■ To do
Copy exactly, and only, the lines from the line containing "Cisco Systems CiscoCius" through the last line of the records below, both included, and leave out any pictures.

(Short descriptive text snippets)
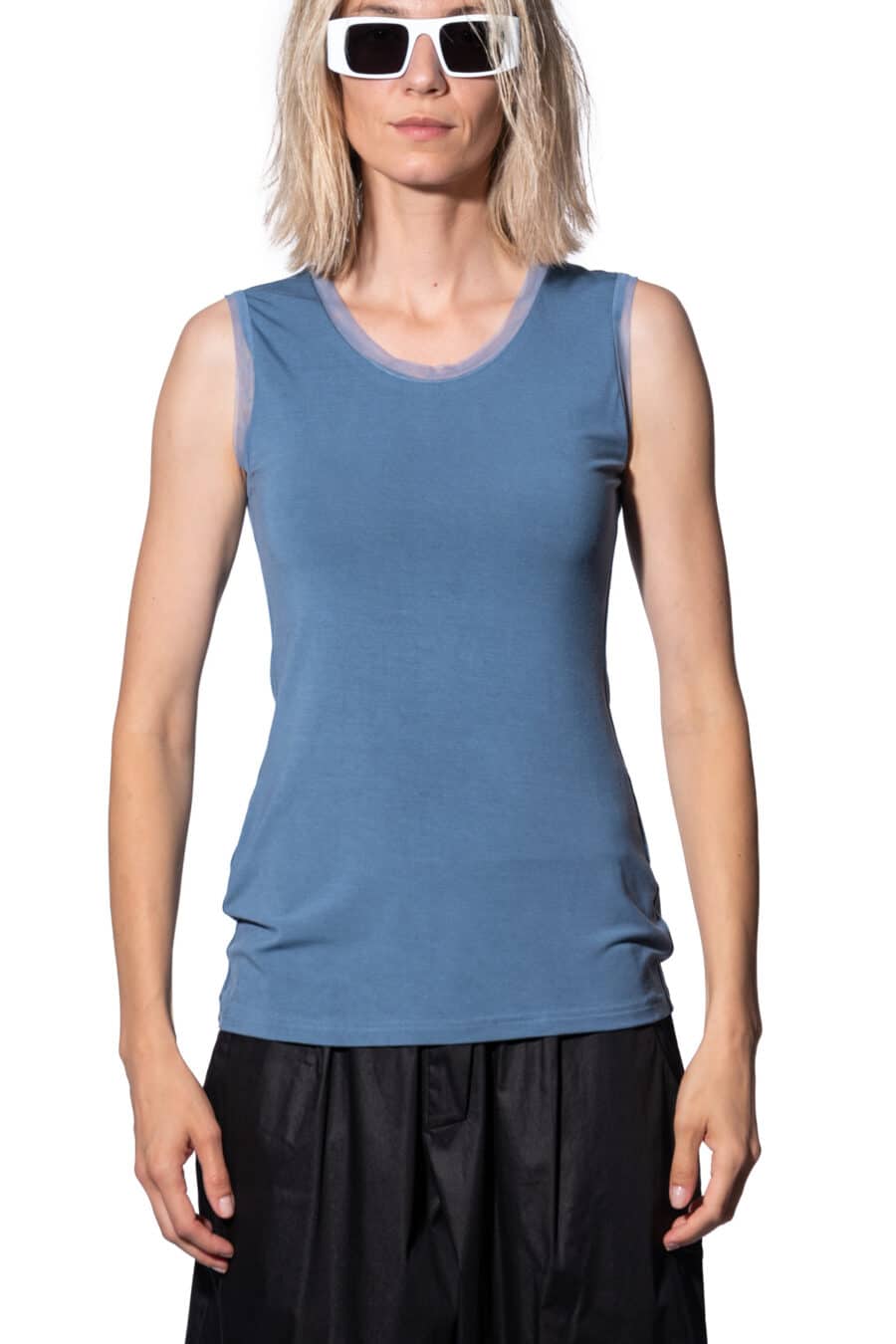 Sleeveless jersey top 1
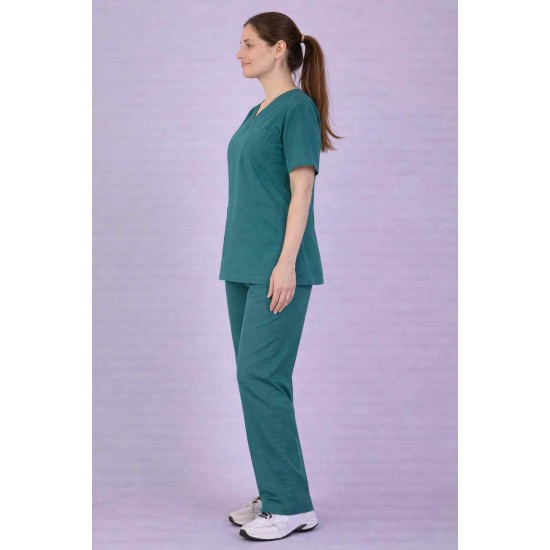Premium Female Teel Blue Scrub Suits | V Neck | Polycotton, Stylish, Comfortable | Half Sleeves | Ideal For Health care Professionals | Sizes XS-2XL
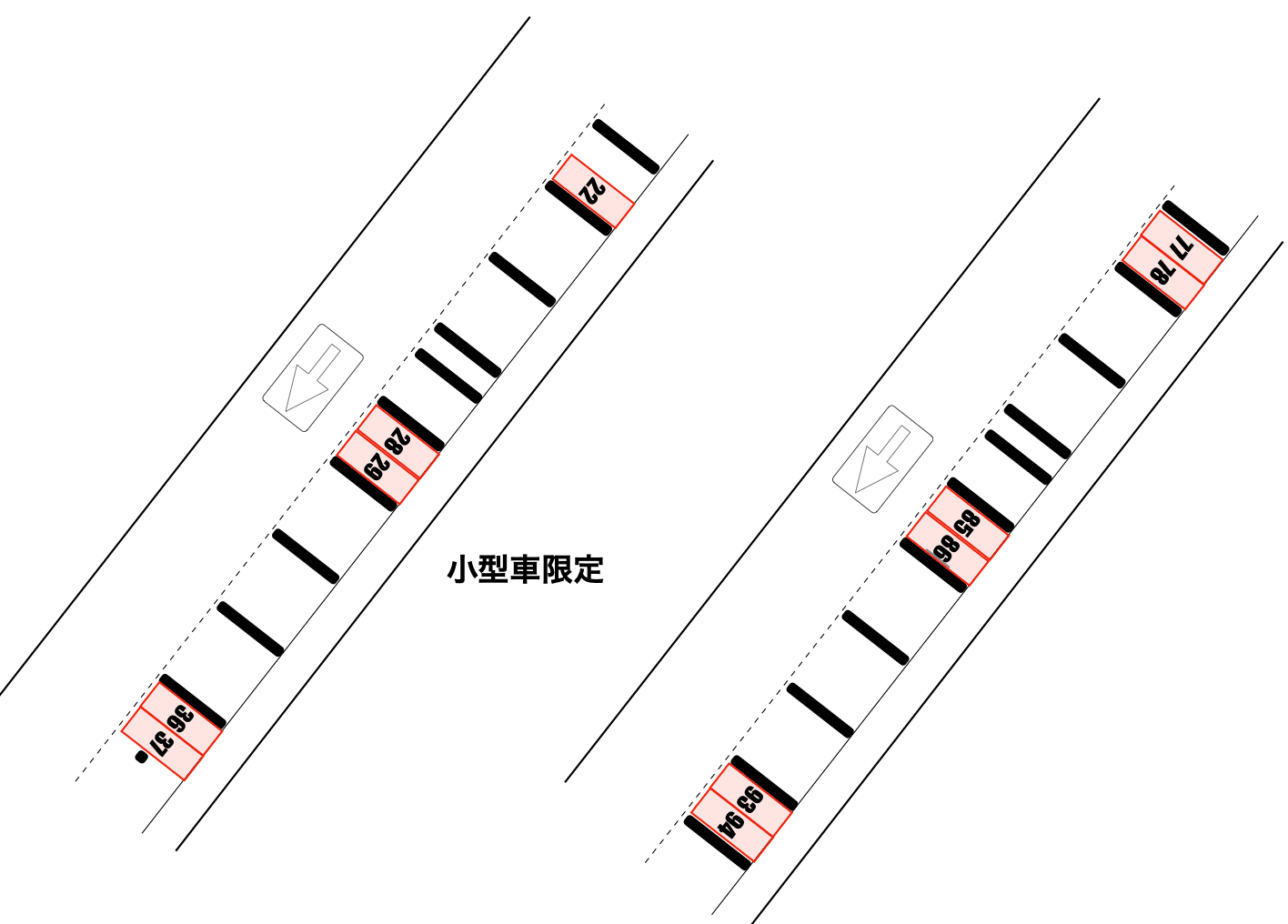 川崎日進町駐車場 小型車限定の駐車配置図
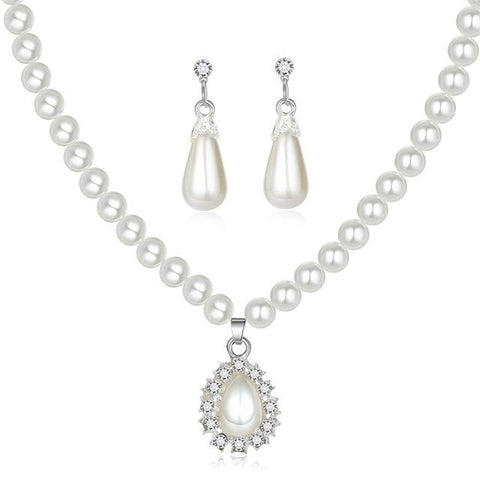 Classic Silver Color Simulated Pearl Paved Crystal Water Drop Necklace Set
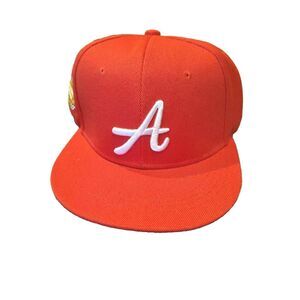 Atlanta Braves Red Baseball Hat Cap Los Angeles AR Sports 1988 New Very Good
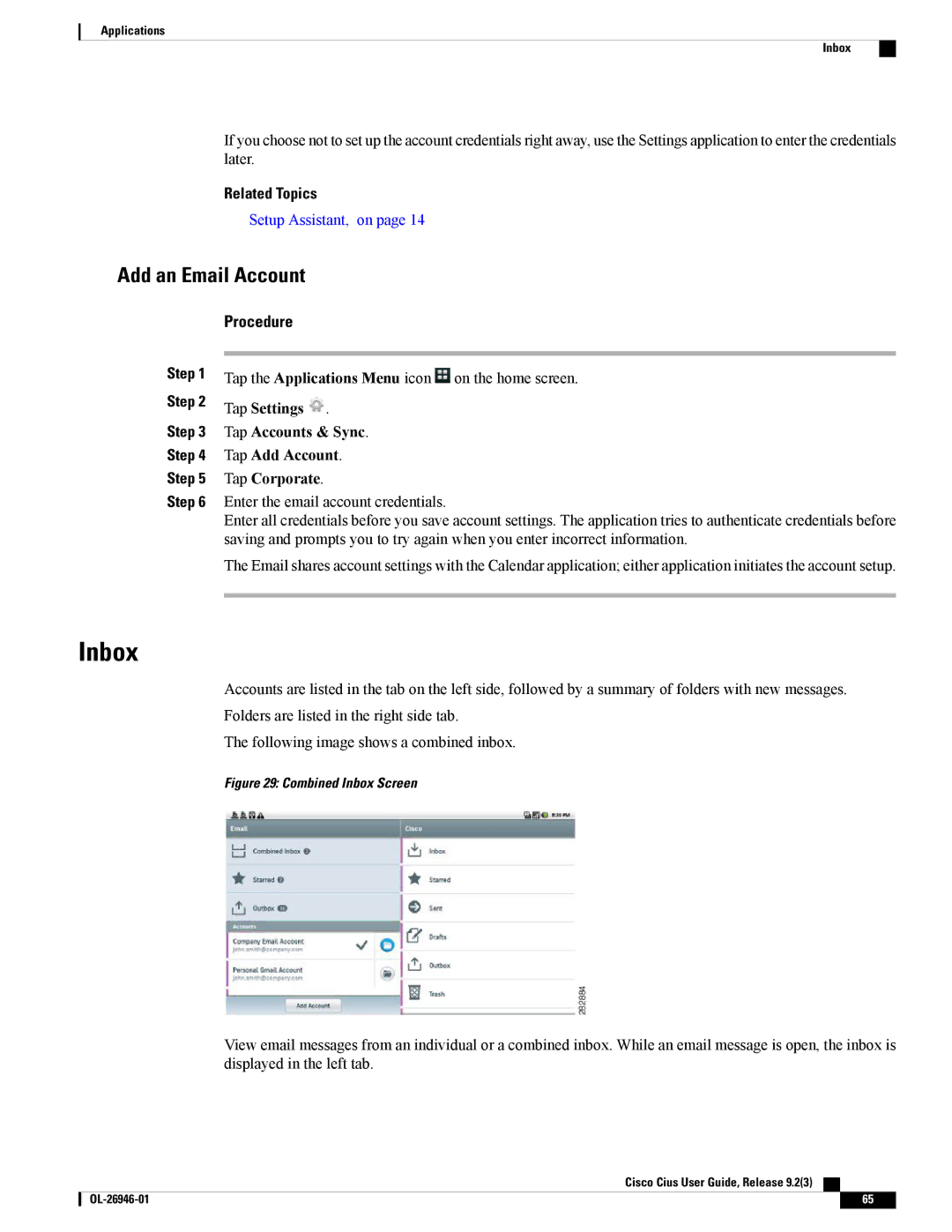 Cisco Systems CiscoCius manual Inbox, Add an Email Account 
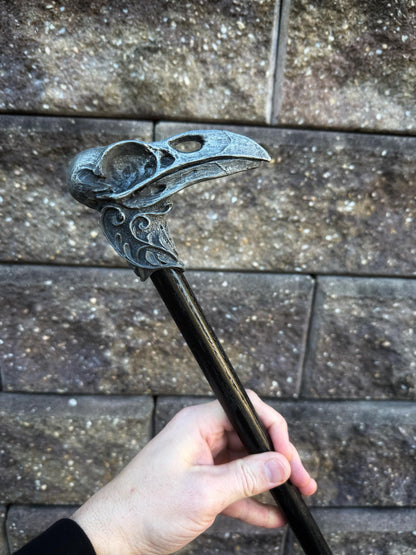Raven Skull Cane, Hand Sculpted Walking Stick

■ Solution
 Cisco Systems CiscoCius manual Inbox, Add an Email Account 
Raven Skull Cane, Hand Sculpted Walking Stick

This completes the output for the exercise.